Brief descriptive captions
- - - -

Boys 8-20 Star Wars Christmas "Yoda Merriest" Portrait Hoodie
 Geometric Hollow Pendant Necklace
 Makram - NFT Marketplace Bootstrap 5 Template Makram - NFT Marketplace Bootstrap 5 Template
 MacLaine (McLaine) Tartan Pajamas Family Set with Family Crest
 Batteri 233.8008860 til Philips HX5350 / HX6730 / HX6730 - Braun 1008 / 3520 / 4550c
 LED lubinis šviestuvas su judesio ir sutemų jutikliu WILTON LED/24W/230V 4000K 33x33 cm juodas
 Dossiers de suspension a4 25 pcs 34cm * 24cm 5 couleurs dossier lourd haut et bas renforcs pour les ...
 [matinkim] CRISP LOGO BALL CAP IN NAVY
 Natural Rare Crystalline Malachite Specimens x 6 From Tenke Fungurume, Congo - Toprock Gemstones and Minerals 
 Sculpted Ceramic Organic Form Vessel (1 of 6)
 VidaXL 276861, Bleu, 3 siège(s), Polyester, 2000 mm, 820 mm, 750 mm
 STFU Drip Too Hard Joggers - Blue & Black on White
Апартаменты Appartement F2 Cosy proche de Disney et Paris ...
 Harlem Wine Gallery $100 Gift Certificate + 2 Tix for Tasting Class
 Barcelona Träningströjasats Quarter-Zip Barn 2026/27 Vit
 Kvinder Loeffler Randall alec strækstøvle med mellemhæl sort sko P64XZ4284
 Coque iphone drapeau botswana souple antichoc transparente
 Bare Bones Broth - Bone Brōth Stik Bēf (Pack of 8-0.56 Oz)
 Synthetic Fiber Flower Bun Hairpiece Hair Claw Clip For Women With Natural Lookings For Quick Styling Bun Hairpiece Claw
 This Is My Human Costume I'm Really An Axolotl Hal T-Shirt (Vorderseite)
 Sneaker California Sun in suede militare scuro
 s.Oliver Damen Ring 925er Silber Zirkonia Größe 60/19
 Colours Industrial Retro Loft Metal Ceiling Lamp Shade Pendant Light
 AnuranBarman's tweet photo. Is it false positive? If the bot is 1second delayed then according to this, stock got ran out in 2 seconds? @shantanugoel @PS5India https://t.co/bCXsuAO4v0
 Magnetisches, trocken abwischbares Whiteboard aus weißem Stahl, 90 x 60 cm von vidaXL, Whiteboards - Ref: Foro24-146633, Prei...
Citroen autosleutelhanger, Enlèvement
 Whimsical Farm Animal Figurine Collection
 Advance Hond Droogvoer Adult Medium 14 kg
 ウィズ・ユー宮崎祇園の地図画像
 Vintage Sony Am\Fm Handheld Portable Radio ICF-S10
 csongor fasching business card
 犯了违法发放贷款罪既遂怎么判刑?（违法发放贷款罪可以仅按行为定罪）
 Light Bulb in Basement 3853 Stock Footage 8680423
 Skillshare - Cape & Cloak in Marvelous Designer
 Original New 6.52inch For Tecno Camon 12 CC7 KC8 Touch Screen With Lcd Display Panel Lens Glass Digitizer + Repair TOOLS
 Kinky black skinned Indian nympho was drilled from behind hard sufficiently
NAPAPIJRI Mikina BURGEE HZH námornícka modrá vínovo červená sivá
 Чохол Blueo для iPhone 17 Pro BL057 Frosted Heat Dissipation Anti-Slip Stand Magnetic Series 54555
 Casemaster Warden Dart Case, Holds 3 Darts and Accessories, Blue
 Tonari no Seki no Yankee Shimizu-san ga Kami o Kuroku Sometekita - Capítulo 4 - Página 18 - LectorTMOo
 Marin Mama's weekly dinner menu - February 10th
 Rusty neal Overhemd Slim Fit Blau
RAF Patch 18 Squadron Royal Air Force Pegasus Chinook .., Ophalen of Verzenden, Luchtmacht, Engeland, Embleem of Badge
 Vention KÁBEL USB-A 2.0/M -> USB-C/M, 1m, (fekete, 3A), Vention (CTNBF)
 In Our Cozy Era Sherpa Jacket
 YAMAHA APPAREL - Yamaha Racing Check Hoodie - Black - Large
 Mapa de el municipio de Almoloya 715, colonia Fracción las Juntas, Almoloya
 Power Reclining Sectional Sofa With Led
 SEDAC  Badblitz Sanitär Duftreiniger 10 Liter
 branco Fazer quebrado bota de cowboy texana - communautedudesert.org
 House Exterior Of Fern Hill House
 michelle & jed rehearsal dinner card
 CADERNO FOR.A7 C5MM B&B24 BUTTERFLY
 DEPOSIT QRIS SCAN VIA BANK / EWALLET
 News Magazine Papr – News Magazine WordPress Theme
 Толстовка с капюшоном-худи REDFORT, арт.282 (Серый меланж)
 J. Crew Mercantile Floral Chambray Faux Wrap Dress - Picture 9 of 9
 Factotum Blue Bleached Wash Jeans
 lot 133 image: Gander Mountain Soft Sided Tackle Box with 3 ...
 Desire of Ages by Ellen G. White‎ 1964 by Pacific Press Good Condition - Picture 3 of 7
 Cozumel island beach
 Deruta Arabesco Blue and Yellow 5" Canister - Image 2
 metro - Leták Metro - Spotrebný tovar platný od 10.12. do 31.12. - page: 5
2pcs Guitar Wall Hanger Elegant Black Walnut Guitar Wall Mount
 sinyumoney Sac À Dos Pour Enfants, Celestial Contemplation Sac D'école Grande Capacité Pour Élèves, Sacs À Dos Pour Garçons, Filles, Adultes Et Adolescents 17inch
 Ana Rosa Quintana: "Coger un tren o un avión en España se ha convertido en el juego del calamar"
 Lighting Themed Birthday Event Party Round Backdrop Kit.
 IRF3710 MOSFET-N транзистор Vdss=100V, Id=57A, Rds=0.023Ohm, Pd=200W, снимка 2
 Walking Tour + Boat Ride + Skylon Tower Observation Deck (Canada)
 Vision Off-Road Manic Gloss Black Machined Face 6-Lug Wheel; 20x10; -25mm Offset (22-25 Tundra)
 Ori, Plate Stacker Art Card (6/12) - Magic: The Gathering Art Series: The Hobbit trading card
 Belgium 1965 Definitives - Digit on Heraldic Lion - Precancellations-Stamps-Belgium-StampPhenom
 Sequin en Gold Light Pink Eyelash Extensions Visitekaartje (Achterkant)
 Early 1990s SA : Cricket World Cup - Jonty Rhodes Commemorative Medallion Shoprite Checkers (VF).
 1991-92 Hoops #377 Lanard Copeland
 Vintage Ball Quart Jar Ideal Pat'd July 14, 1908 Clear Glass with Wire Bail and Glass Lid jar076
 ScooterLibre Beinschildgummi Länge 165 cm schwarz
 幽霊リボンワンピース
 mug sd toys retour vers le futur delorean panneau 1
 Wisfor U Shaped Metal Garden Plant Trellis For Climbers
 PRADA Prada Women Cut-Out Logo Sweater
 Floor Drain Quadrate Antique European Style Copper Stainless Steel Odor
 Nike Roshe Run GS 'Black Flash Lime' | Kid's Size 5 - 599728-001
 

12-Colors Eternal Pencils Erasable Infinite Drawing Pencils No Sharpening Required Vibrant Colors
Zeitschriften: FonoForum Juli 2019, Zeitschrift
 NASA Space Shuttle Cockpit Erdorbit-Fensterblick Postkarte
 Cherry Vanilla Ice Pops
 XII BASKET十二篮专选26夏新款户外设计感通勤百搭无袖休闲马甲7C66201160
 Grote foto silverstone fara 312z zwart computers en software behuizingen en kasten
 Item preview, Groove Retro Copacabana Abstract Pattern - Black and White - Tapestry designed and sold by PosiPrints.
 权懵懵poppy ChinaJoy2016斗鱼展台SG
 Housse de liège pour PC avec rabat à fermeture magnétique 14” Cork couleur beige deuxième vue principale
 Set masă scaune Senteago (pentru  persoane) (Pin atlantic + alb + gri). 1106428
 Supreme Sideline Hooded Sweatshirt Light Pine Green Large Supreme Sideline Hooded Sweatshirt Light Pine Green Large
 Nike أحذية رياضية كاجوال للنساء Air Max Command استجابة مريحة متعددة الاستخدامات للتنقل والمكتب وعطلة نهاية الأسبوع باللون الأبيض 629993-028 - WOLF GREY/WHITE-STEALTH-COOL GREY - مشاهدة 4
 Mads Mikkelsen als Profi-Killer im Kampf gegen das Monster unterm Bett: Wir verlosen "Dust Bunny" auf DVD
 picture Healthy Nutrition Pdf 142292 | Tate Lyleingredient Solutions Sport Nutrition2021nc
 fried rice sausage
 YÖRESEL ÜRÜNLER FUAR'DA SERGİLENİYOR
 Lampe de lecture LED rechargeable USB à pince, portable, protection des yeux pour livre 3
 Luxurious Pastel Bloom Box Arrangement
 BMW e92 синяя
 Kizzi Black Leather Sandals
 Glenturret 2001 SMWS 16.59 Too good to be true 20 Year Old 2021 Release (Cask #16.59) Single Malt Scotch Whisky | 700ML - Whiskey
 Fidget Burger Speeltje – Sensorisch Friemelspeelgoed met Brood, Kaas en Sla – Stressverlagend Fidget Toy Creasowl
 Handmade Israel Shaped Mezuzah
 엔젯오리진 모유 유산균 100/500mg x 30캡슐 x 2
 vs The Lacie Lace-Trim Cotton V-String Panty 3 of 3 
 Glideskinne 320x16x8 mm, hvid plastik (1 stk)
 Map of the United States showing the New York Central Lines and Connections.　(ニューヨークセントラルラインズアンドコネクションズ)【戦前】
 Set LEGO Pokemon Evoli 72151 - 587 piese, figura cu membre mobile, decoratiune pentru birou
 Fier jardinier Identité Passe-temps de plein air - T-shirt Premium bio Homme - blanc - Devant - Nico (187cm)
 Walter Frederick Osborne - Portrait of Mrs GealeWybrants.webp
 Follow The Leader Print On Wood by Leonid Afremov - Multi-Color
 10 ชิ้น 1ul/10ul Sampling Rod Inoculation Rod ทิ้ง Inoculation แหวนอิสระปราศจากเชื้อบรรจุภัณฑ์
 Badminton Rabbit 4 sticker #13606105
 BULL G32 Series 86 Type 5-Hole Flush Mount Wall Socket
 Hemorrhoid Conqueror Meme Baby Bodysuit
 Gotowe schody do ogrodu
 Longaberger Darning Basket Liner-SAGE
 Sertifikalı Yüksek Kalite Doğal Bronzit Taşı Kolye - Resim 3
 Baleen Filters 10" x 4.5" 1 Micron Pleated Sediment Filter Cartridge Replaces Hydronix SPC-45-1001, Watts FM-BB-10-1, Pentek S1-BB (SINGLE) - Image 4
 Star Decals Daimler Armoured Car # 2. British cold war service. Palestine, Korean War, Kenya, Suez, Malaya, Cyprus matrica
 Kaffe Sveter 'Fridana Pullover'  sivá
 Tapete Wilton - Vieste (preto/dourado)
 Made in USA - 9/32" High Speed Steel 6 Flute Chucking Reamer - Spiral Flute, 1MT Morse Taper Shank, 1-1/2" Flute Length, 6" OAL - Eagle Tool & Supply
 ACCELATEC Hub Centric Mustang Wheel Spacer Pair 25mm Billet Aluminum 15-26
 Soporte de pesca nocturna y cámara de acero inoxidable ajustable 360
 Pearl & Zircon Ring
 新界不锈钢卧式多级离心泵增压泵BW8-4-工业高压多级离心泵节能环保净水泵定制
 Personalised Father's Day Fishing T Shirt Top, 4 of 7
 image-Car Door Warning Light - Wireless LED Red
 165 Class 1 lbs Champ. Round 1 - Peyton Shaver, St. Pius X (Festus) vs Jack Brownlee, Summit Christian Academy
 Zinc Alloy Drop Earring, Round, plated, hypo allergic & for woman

- - - -

ASSIGNMENT | Report, for the data above, every line in which the string "Pendant" appears.

RESULT OF THIS TASK |
 Geometric Hollow Pendant Necklace
 Colours Industrial Retro Loft Metal Ceiling Lamp Shade Pendant Light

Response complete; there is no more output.